Reviewed by Richard Smith
This is a worthy addition to the teacher's tool chest for teaching Newton's Laws of motion. Material from Stop Faking It! Force and Motion, chapters 1 through 5, is expanded with discussions and classroom-ready activities. If you found that Stop Faking It! Force and Motion helped you understand the content better, then you'll find that this will help you get your students to understand as well.
Companion Classroom Activities are directed to students in grades 5 to 9. The activities are oriented toward small-group instruction, but not exclusively. Many activities are similar to those in Stop Faking It, but the required materials lists, classroom handouts, and teacher guides are provided for convenient use. The activities are correlated with National Science Education Standards as well.
The activities in Companion Classroom Activities are usually organized according to a four-step learning cycle—explore, explain, elaborate, and evaluate. Not all chapters have all four steps, however. (Evaluation is not used in chapters 2, 4, 8, and 9; and there is no elaboration step in chapters 6 and 9.) The activities are well explained, including probable mistakes, corrections, and extensions. There are also more activities than in original book, helping develop an experiential depth of understanding. All are followed up with discussion to develop academic understanding and vocabulary.

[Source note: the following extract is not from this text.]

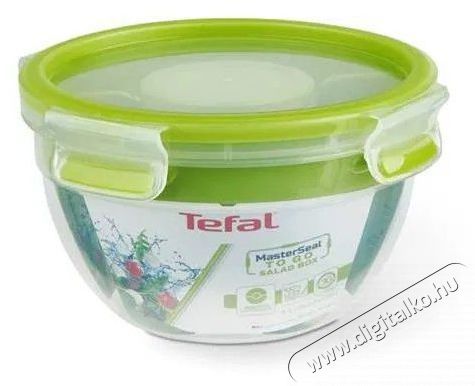 Tefal MasterSeal TO GO kerek sal&aacute;t&aacute;s t&aacute;l 1,0L Konyhai term&eacute;kek - Ed&eacute;ny - &Eacute;telt&aacute;rol&oacute; - 520907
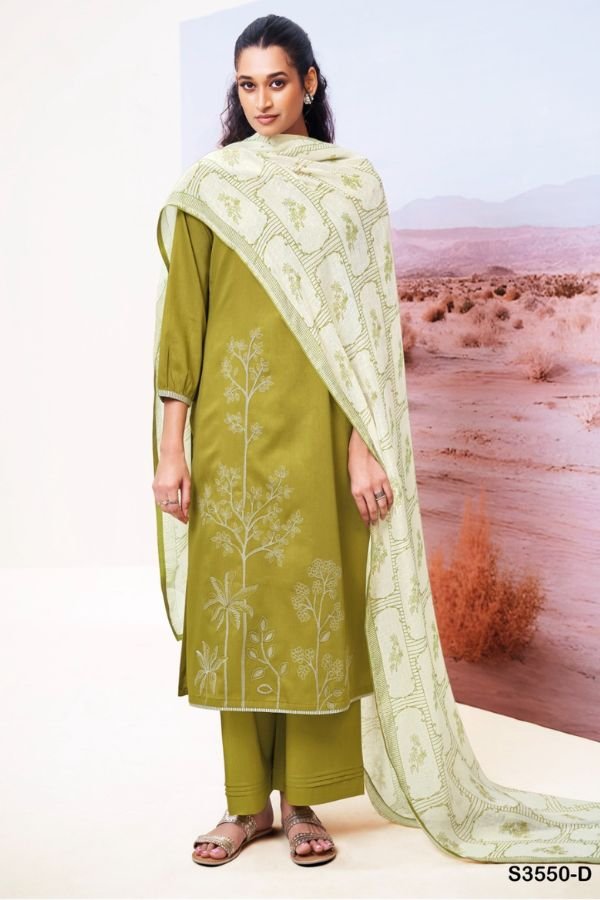 Ganga Fashion Isheeta S3550 Cotton Ladies Salwar Suit S3550-D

The student hand-out masters are well illustrated with simple black-and-white ink drawings. The elaboration questions are relevant and fun; they seem designed to spark thought and discussion. Evaluation questions were also relevant but not repetitive. Extension ideas are provided for more advanced students. Only one activity uses a computer simulation, which can be run as a demonstration if computer access is limited. The only drawbacks to Companion Classroom Activities are that several activities use Hot Wheels track without alternatives always being suggested, and some handouts are lengthy (six sets of handouts were four or more pages long).